But anti-ICE efforts have been active for over a year on the ground in Philly, with residents embracing the city’s long tradition of blending art, activism and community-building.
It’s a tradition that the U.S. Department of Arts and Culture – a national advocacy group launched in 2013, not an actual government agency – made sure to include in their latest campaign, “No ICE in the Cup.”
The group’s Philly street poster, designed by local printmaker and artist Peri Law, depicts a World Cup trophy that resembles a classic Greek vase and incorporates the Philly skyline, images of ICE officers and a multiracial coalition of residents at local protests – set against the backdrop of a soccer goal net made of chain link topped with barbed wire.
It joins other posters commissioned from artists in each of the 11 cities in the U.S. that are hosting World Cup games including New York, Boston, Miami, Kansas City, Dallas, Houston, Atlanta, Los Angeles and Seattle.
As Carol Zou, cultural organizer with the USDAC who is also a former Philly resident and community leader, told Billy Penn, the group’s campaign plugs into existing anti-ICE infrastructure in local communities that have been doing the work already.
“The No ICE in the Cup campaign came about because many people in the U.S. were moved to take action against the presence of ICE in our cities and communities,” Zou said.
On the vibrant Philly art ecosystem and loose artist collectives, Zou, who once worked as director of programs at Asian Arts Initiative, notes “What isn’t special about Philly? I really love that Philly has so many artists who are engaged in using their artwork for social change. Philly has artists [who] can serve as that valuable bridge between organizing priorities and narrative change artwork.”
What USDAC offers participating cities in the campaign, they said, is “digital connections to people in other cities – how people can be using their art to fight our current wave of fascism.”
For Law, the opportunity to create the Philly poster for No ICE in the Cup was a natural continuation of her work as both an artist and youth programs coordinator with Asian Americans United.

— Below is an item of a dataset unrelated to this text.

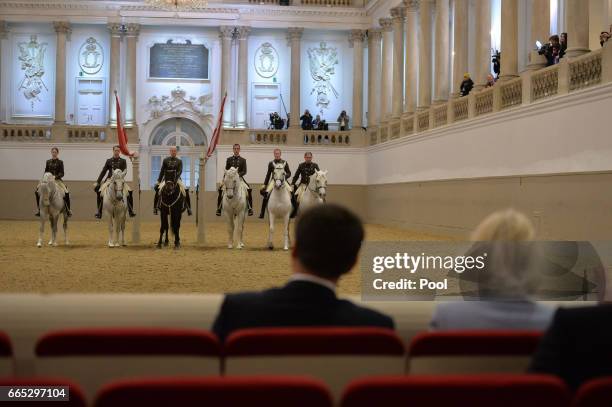 Camilla, Duchess of Cornwall watches a performance during her visit to the Spanish Riding School in Vienna during the second day of her visit to...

She had already created a popular design of a Lunar New Year Fire Horse surrounded by flames and melting ice, with the words ‘ICE MELTS UNDER FIRE” that she prints as stickers and posters to fundraise for AAU’s Communities In Solidarity Fund that supports immigrant families in Philly who are affected by detention.

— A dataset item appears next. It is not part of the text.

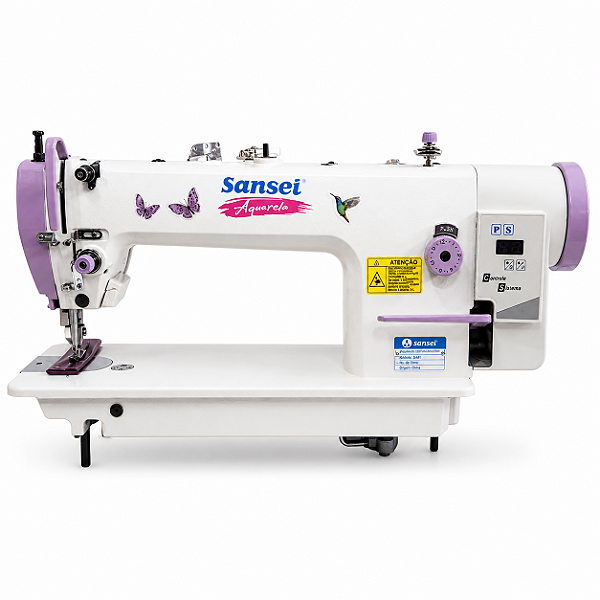MAQUINA TRANSPORTE DUPLO DIRECT DRIVE SANSEI AQUARELA 0303D - PONTO 12 MM - 110 V COMPLETA COM PÉS E MESA DESMONTADOS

“I was hosting an ICE Out printing event at Soapbox and a person asked about my art and said Carol is looking for someone based in Philly. The [art prompt] was to say “ICE Out of the World Cup” or “No ICE” and to make connections between what is happening in your city with what is going on nationally as well.”

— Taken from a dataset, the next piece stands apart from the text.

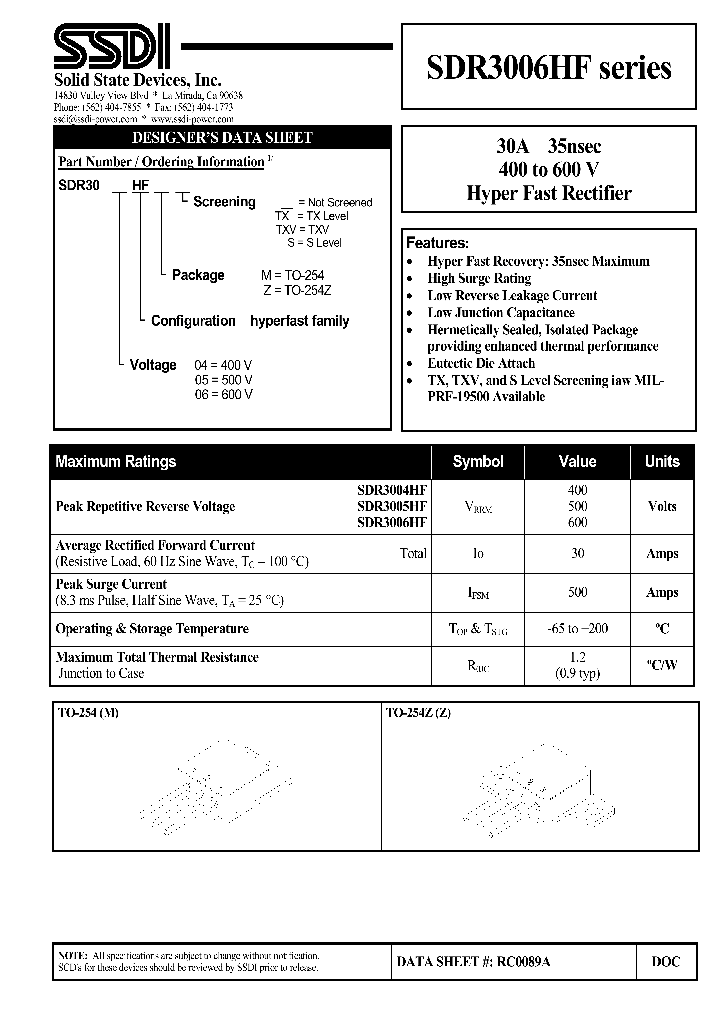SDR3006HF_1306641.PDF Datasheet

“ICE hasn’t been as prevalent in Philly probably because of the U.S. 250th birthday because they don’t want bad press in Philly ahead of a national event and international event,” Law said of her design inspiration. “So I kind of wanted to highlight, ‘what are people doing?’ There are still people protesting every day, ICE Watch [participants] getting arrested outside to make a stand. I wanted to make a connection that Pennsylvania has the largest detention center in the Northeast. Our state holds so many people who are detained.”
Working together to reclaim space
Reclaim Philly is among the many local collectives using art as a form of protest and solidarity. During the summer of 2025, the group waged a successful letter-writing campaign to get beloved Germantown cafe owner Anovsack ‘Anou’ Vongbandith out of the Moshannon Detention Center. Now, the self-organizing, decentralized group helps support and empower artists.
Among those artists are Alison Zeidman and Timothy Prettyman, a South Philly couple who created a mass-producable design that allows people to DIY their own window signs showing solidarity with immigrant neighbors.

“We came up with a message that started with ‘We all live here’ and have a few different taglines,” said Zeidman, who is a comedian and writer. “Tim had the idea of using this quilt motif as an element of the design to emphasize the idea of unity and neighborhood solidarity.”
Prettyman, an artist who usually works in paint, said that while he’s never quilted, the idea of “joining pieces that don’t necessarily look like they’re gonna fit together, but when you put them together, it makes a solid, cohesive design” seemed appropriate.
It’s also “a nice way for people who are from different parts of Philly to sit down and make a design of their own, but it’s all uniform in the end.”
“This is the first time I’ve done some kind of political or timely messaging,” Prettyman added, saying he grew up inspired by political art from the pre-WWII era up through the Cold War. “It kind of really sparked something in me that this might be something going forward that i do on a more regular basis because it’s necessary, people respond to it, and it’s hard to not put some kind of messaging in your work now because everything is just so urgent and so upfront.”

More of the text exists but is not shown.